TASK DETAILS: Return all of the data exactly as written, without the pictures.

RAW DATA:
──────

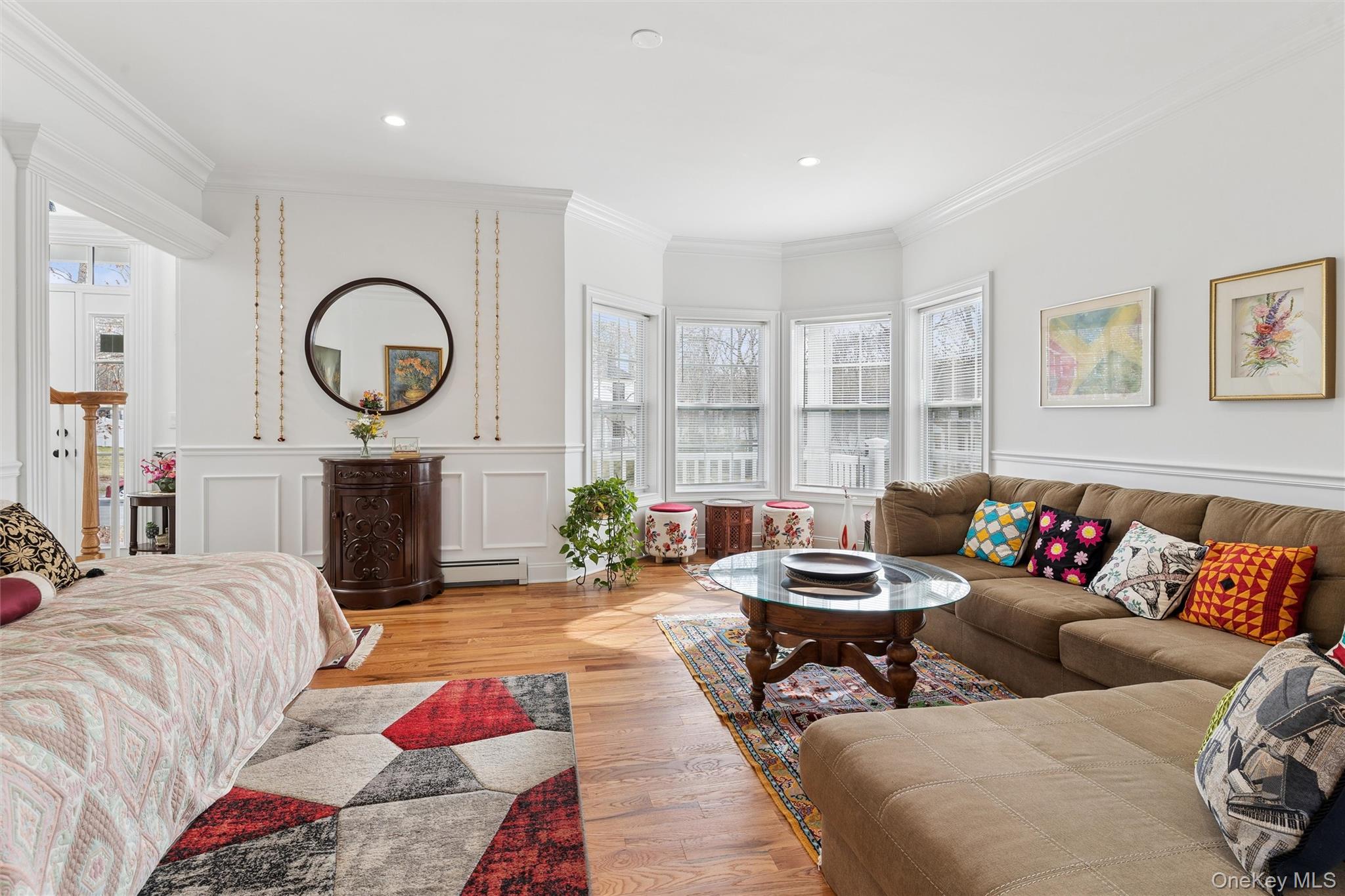 16 Gateway Court Hampton Bays, NY 11946 - Photo 5 of 30 a living room with furniture and a fireplace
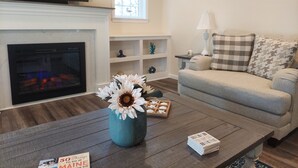 Ein Wohnzimmer mit Kamin, einer Couch, einem Couchtisch mit Blumenvase und einem Fernseher.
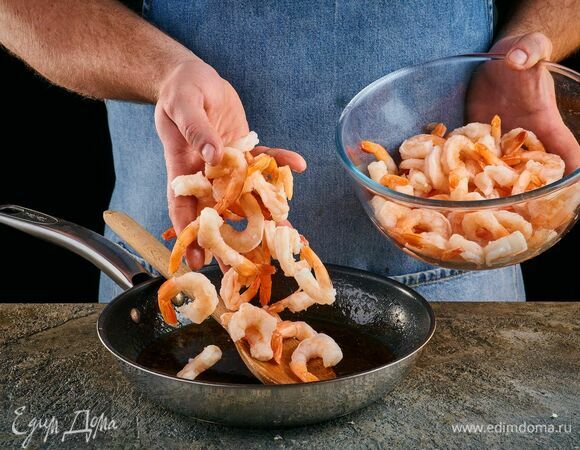 Креветки выложите в апельсиново-карамельную смесь и посолите. Готовьте около 5 минут.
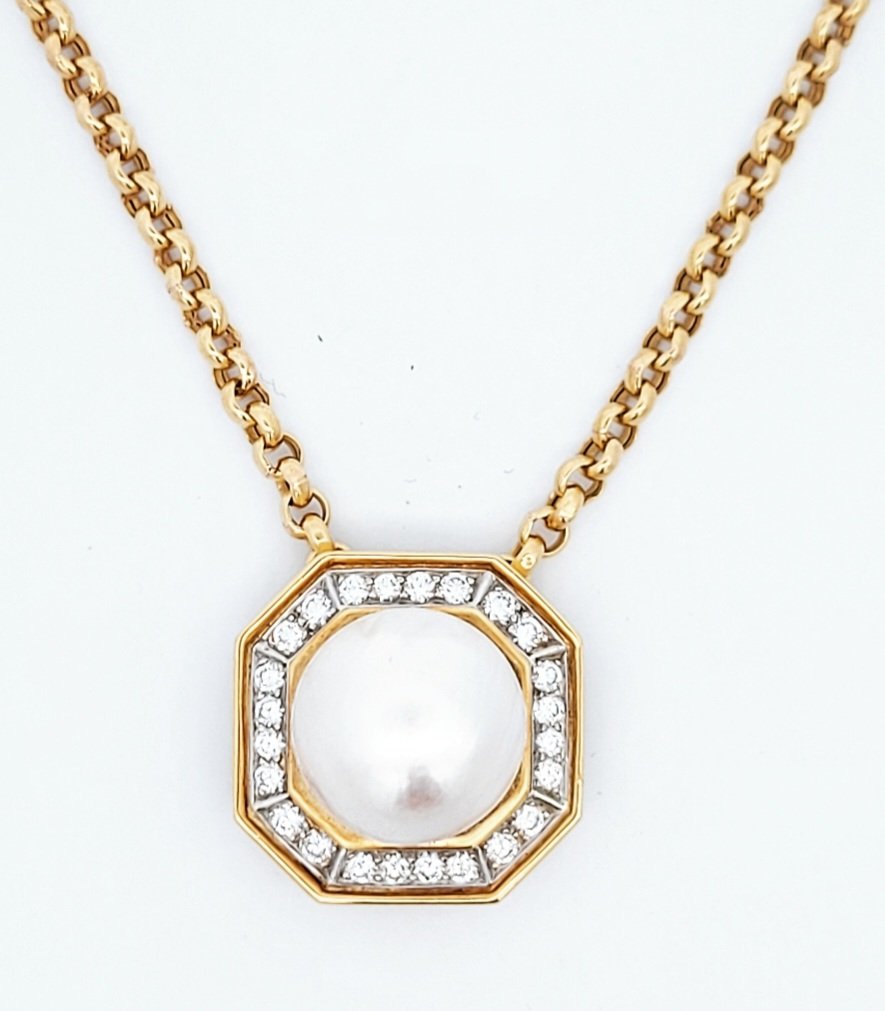 Yellow Gold Pearl and Diamond Pendant. Octagonal Shape, 24 Round Diamonds. 18k,  11.6gr. Pearl: Dome shape Saltwater Pearl, 15.3mm. TDW: 1.2ct VS FG .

──────

RESPONSE FOR THIS EXERCISE:
 16 Gateway Court Hampton Bays, NY 11946 - Photo 5 of 30 a living room with furniture and a fireplace
 Ein Wohnzimmer mit Kamin, einer Couch, einem Couchtisch mit Blumenvase und einem Fernseher.
 Креветки выложите в апельсиново-карамельную смесь и посолите. Готовьте около 5 минут.
 Yellow Gold Pearl and Diamond Pendant. Octagonal Shape, 24 Round Diamonds. 18k,  11.6gr. Pearl: Dome shape Saltwater Pearl, 15.3mm. TDW: 1.2ct VS FG .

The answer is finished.